It is not unreasonable to assume, as most courts do, that the word "until," as used in § 117, provides an inference that a proceeding *219 may be stayed until compliance occurs.[8] Use of the words "unless and until," however, may imply that compliance is a prerequisite that must be satisfied before a proceeding may be maintained at any stage, including the period of inactivity during which a proceeding is stayed.
Only five other states, New York,[9] Maine,[10] Oklahoma,[11] Kansas,[12] and South Carolina[13] have statutes containing the "unless and until" language of § 383. Decisions from these states may assist in the interpretation of § 383. Giuricich v. Emtrol Corp., 449 A.2d at 238. Since the courts in neither Maine nor Oklahoma have been called upon to construe the "unless and until" language of their foreign corporation statutes, the discussion here is limited to cases from our own jurisdiction as well as New York, Kansas, and South Carolina.
This Court has never directly addressed the question of whether a foreign corporation must comply with § 383 before filing suit. In Farmers Bank of the State of Delaware v. Sinwellan Corp., Del.Supr., 367 A.2d 180 (1976), we faced the issue of whether a foreign corporation had "done business" in Delaware for § 383 purposes. Although that case did not directly concern the present issue, subsequent Superior Court decisions have interpreted language from Sinwellan as indicative of this Court's belief that § 383 bars a non-qualifying foreign corporation from commencing an action.
Sinwellan involved a Maryland corporation, Sinwellan Corp. ("Sinwellan"), that was not qualified to do business in Delaware under § 371. Sinwellan maintained a checking account in Farmers Bank ("Farmers"), which was located in Delaware. Sinwellan sued Farmers for alleged wrongful dishonor of certain checks drawn on Sinwellan's account. Farmers moved to dismiss the complaint, invoking § 383. The Superior Court denied the motion because it found that Sinwellan had not engaged insufficient business to trigger § 383. Sinwellan Corp. v. Farmers Bank of the State of Delaware, Del.Super., 345 A.2d 430, 432-433 (1975).
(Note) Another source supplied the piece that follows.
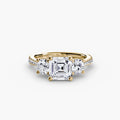 Three-Stone with Pavé Band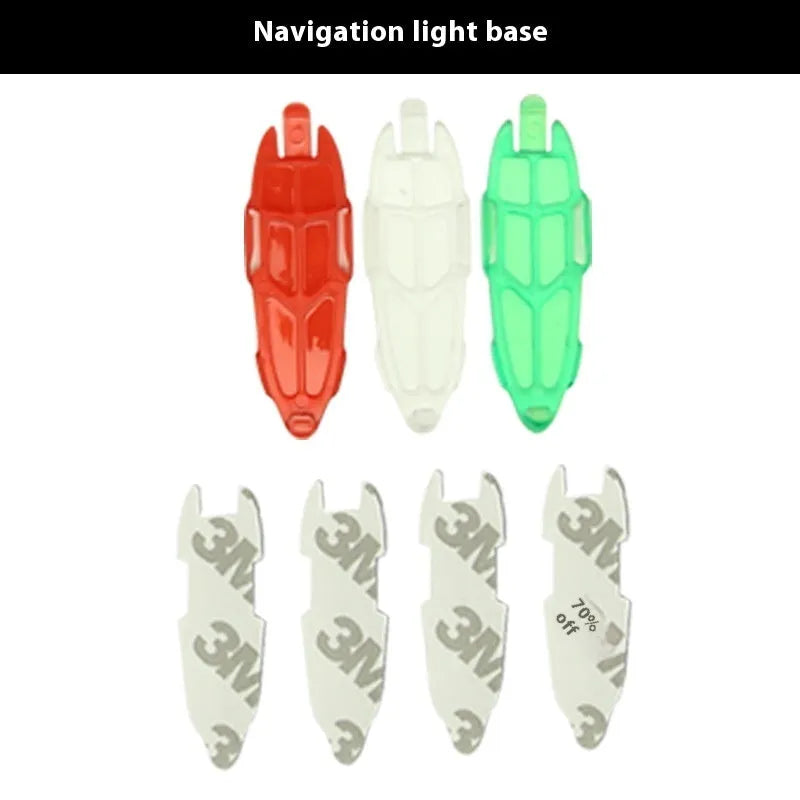 V3 wireless charging waterproof navigation light for model cars and boats with adhesive backing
On appeal, this Court ruled that any business conducted in Delaware is sufficient to trigger § 383 and concluded that Sinwellan "must comply with § 371 before it may maintain this action." Sinwellan, 367 A.2d at 183. We also noted that "non-compliance with § 371 bars a foreign corporation from maintaining ``any action' in the Courts of [Delaware.] That is the penalty." Id., at 182. Although our decision merely recited the "maintaining" language of the statute, and did not expressly state that the violation of § 383 requires dismissal despite later compliance, subsequent decisions of the Superior Court have seized upon this language in holding that § 383 requires a foreign corporation to comply with § 371 before it files suit. Eastern Air Control, Inc. v. Peninsula Construction Corp., Del.Super., C.A. No. 85L-JA-8, Bush, J., 1986 WL 14003 (Nov. 26, 1986); Jennings Construction Co. v. Pettinaro Construction Co., Del.Super., C.A. No. 79C-AP-74, Christie, J. (Nov. 17, 1981).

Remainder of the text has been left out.